A snapshot is not "lighted" with a beauty dish, outside, at night, as part of a photo shoot...when one goes to a fair amount of effort like this, the resulting images are not snapshots...they are the results from a "photo shoot". Or a "test session". A snapshot is just a quick snap, made as a memory place-holder, or a simple recording of something seen. A very simple photograph, without a lot of props or a complicated set, such as the second image, is not automatically classified as a snapshot. The intent and effort the photographer put into the shot is what separates a simple, direct photograph from a snapshot.


----------



## Geaux (Aug 10, 2011)

Whoa Derrel, thanks for having my back on this.  I was racking my brain, thinking I was crazy for not thinking these were snapshots lol.


----------



## shortpants (Aug 10, 2011)

I really don't want to go off on a rant about snapshots again, but I hate how the word is thrown around like it's dirty. There are GOOD snapshots. It's a legitimate part of photography. It's about capturing a moment that happens in a split second. Henri Cartier Bresson is rolling over in his grave right now. ANYWAY! 

These are not snapshots, because they're set up. There's controlled lighting, posing, etc. 

OP I'm loving the second one, same reasons people have said. I especially like the background lights leading to him, and also I like the way he looks. Like a typical bored teenager without being awkward.


----------



## BekahAura (Aug 10, 2011)

I like the unedited version of the first one. Specifically because in the edited version the background is too dark. I like the unedited version because of the eerie look of the green forest to the left.

The second one is great. His expression isn't incredible, but the composition and lighting are very nice. =)


----------



## Geaux (Aug 11, 2011)

shortpants said:


> OP I'm loving the second one, same reasons people have said.
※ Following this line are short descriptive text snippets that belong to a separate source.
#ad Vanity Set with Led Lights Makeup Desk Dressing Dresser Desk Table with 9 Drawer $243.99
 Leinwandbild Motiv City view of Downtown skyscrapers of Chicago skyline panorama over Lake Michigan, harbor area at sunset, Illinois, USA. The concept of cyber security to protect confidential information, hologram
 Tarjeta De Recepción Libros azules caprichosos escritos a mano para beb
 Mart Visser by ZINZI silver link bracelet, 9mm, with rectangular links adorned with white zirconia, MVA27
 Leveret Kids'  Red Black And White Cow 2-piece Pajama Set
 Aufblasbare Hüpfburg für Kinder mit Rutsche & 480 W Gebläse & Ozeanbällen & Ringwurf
I especially like the background lights leading to him, *and also I like the way he looks. Like a typical bored teenager without being awkward.*





BekahAura said:


> I like the unedited version of the first one. Specifically because in the edited version the background is too dark. I like the unedited version because of the eerie look of the green forest to the left.
> 
> The second one is great. *His expression isn't incredible*, but the composition and lighting are very nice. =)



This is exactly why photography is an art, everyone has their opinions.  I love it.  Thanks for your input again.

@bokeh -  I love the green'ness of the forest in my unedited version too.  Truthfully, I like both edits equally lol.


----------



## DiskoJoe (Aug 11, 2011)

only suggestion i would make is choose your locations better. that lighting is to help light the model from the front. the locations you chose make make it very obvious that you are using artificial lighting and also make the images look unnatural due to there being bright lighting coming from no where. try to shoot closer to some other lights so your flash will blend with them and not stick out so much.


----------



## Geaux (Aug 11, 2011)

Thanks for the suggestion DiskoJoe, never really thought of the idea of blending the lighting with a strobe.  I've always liked the strobist idea of making the subject stand out b/c of the lighting along with the background.  I also sort of like that strobed effect where the source of light doesn't seem to come from a natural or manmade object in the frame.  I could be the minority in that thought though haha.  

I appreciate it though, might have to try it out next time.


----------



## e.rose (Aug 11, 2011)

Geaux said:


> Thanks for the suggestion DiskoJoe, never really thought of the idea of blending the lighting with a strobe.  I've always liked the strobist idea of making the subject stand out b/c of the lighting along with the background.*  I also sort of like that strobed effect where the source of light doesn't seem to come from a natural or manmade object in the frame.  I could be the minority in that thought though haha. *
> 
> I appreciate it though, might have to try it out next time.



No, I agree with you too.    That's part of the reason why I like this image... feels kind of mystic to me.  Camoflauging the strobe certainly has it's applications... but so does what you did here, in my opinion... and I dig it.


----------